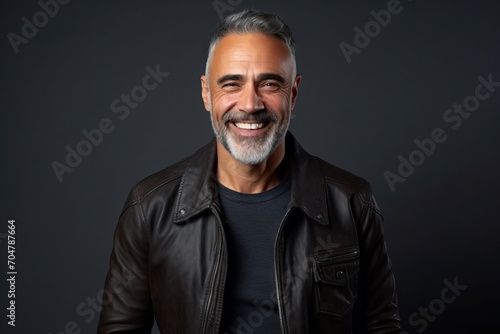 Portrait of a handsome middle-aged man wearing a black leather jacket.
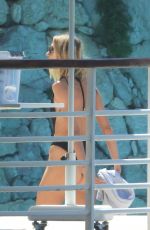 ANJA RUBIK in Swimsuit at Hotel du Cap Eden Roc in Cannes 05/22/2024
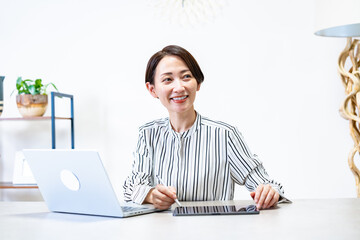 パソコンとタブレットを使い仕事をする女性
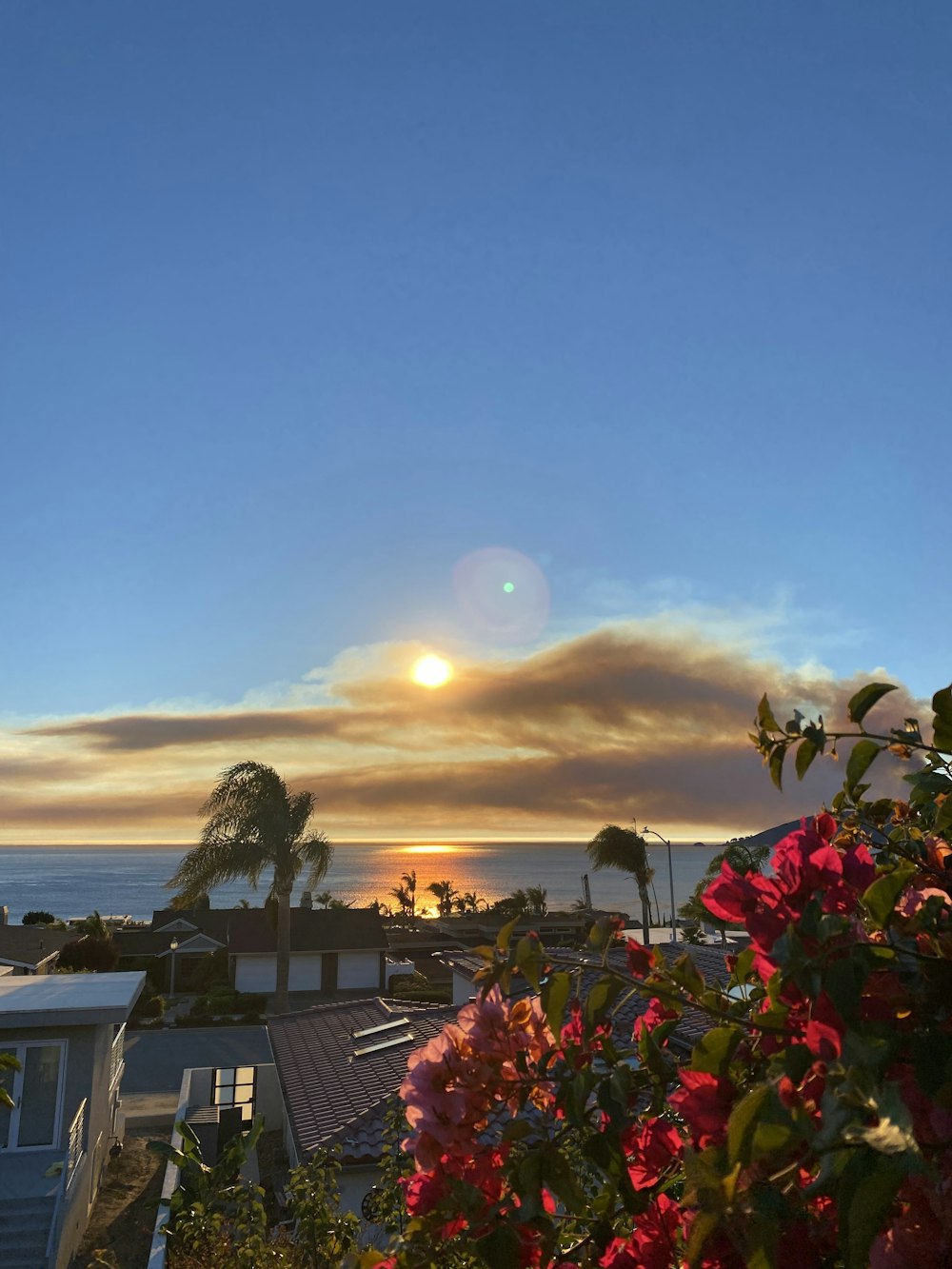 the sun is setting over the ocean and houses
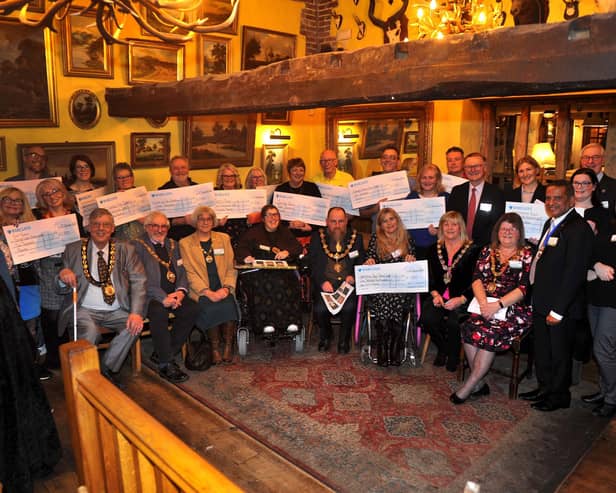 Worthy winners of the 2023 Hall & Woodhouse Community Chest Awards with judges and dignitaries at the awards evening at The World's End in Patching on Friday, January 12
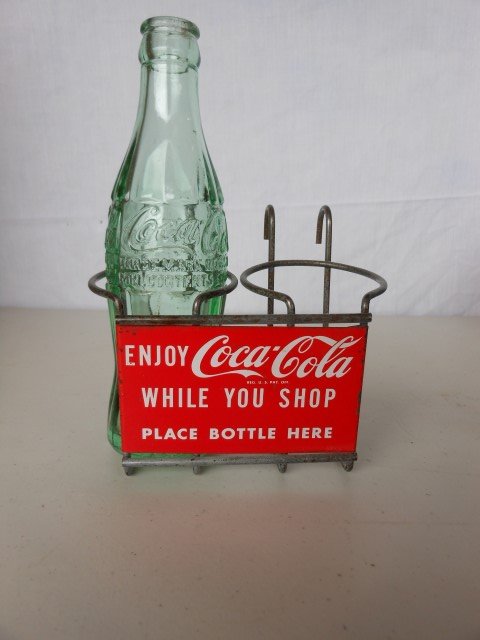 Coca-Cola 2-bottle shopping cart rack with one bottle.: Coca-Cola 2-bottle shopping cart rack with one bottle.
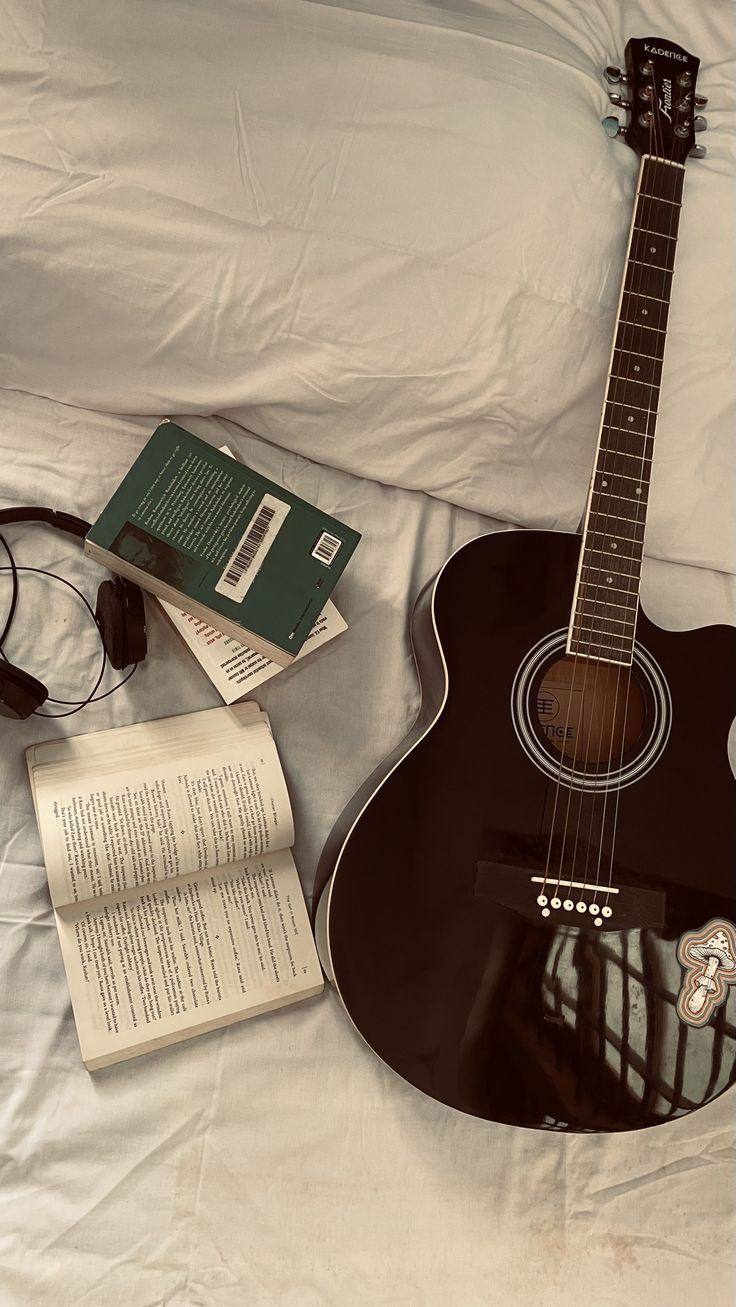 a guitar, book and headphones laying on a bed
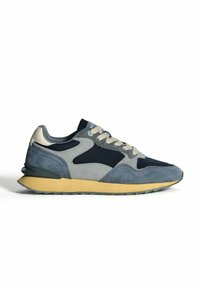 Baskets décontractées pour homme dans des nuances de bleu et de gris avec des lacets beiges et une semelle en caoutchouc jaune, présentées en profil gauche sur fond blanc.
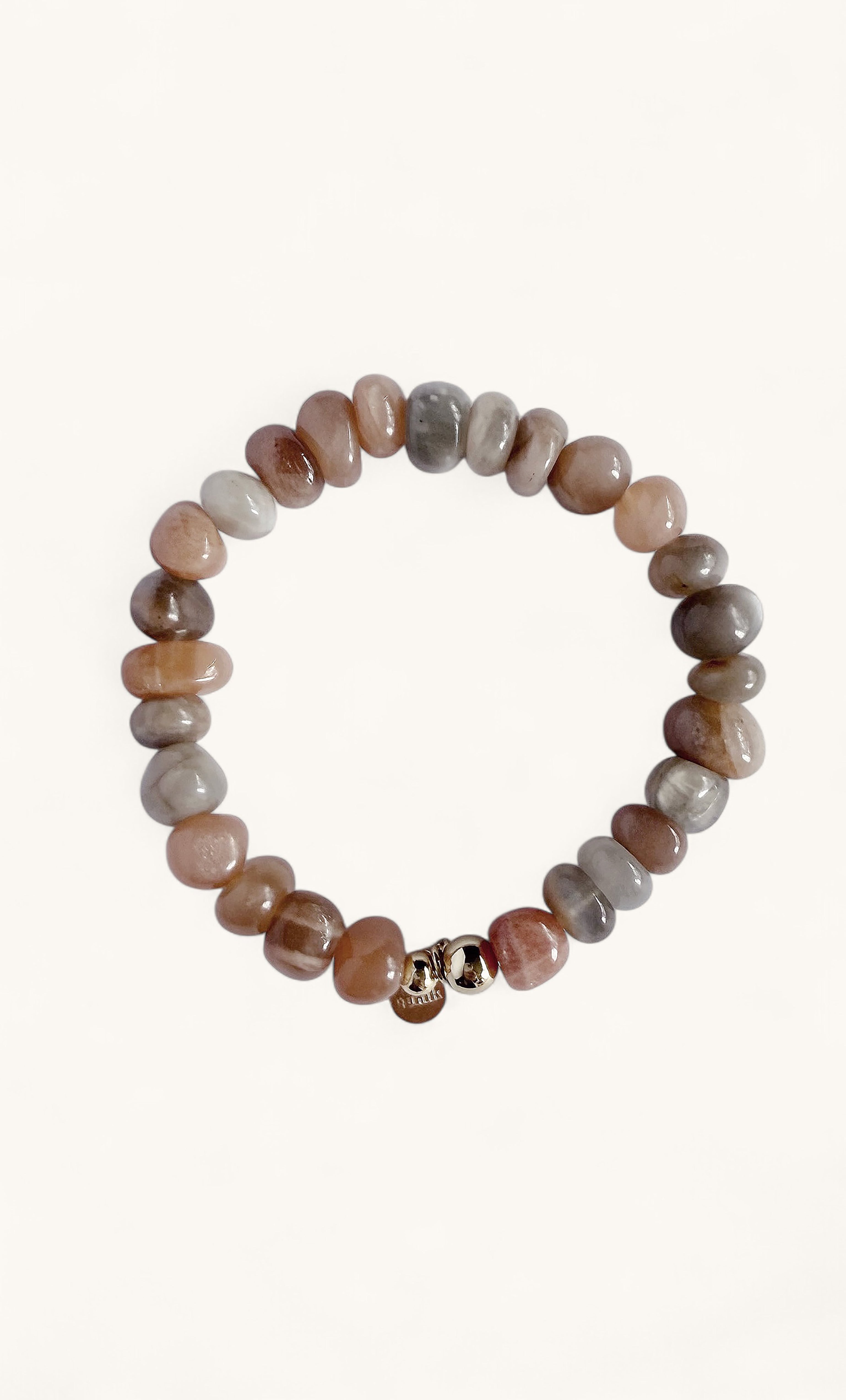 Round peach and gray moonstone beads strung in a stretch bracelet with a small gold charm.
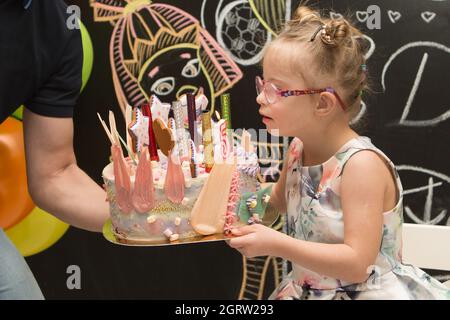 Ein Mädchen mit Down-Syndrom bläst an ihrem Geburtstag Kerzen auf einen Kuchen und wünscht sich Stockfoto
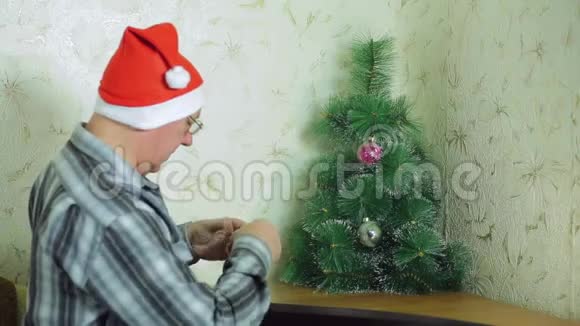 一个戴着圣诞老人帽子的人正在整理节日舞会来装饰圣诞树视频的预览图
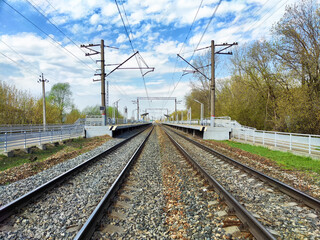 The train tracks stretch out into the horizon, flanked by lush greenery and a vibrant blue sky.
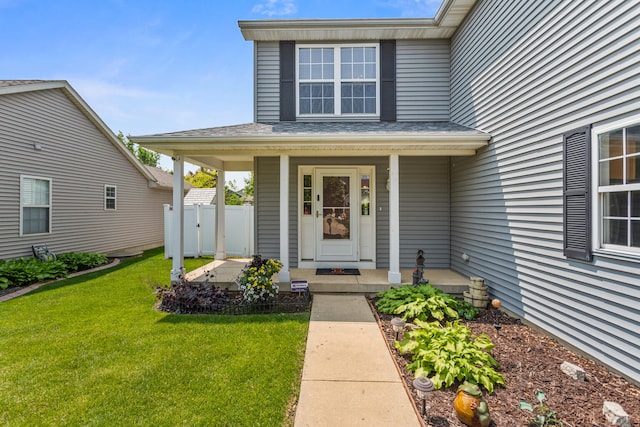 3807 Sandstone Dr, Champaign, IL 61822 - view of exterior entry featuring a porch and a shingled roof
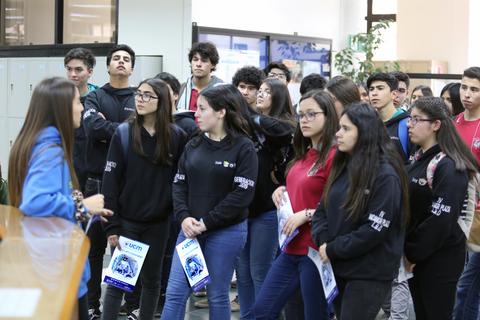 Un grupo de estudiantes escucha atentamente a una presentadora en un edificio educativo.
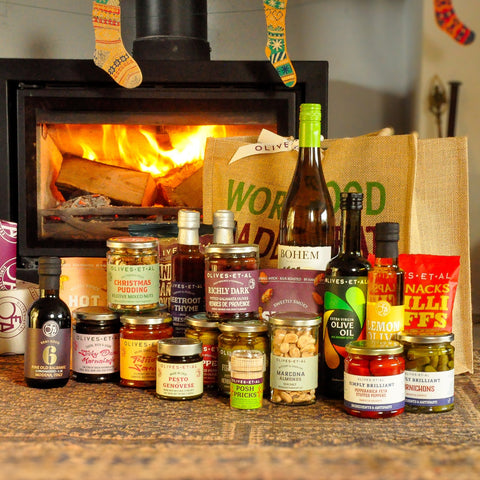 Assorted food products including jars and bottles on a table with a fireplace in the background.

———

Find the line that contains "一个戴着圣诞老人帽子的人正在整理节日舞会来装饰圣诞树视频的预览图" and repeat it, along with every line after it to the end of the data, exactly; drop the pictures.

▸ ANSWER SPACE
 一个戴着圣诞老人帽子的人正在整理节日舞会来装饰圣诞树视频的预览图
 The train tracks stretch out into the horizon, flanked by lush greenery and a vibrant blue sky.
 3807 Sandstone Dr, Champaign, IL 61822 - view of exterior entry featuring a porch and a shingled roof
 Un grupo de estudiantes escucha atentamente a una presentadora en un edificio educativo.
 Assorted food products including jars and bottles on a table with a fireplace in the background.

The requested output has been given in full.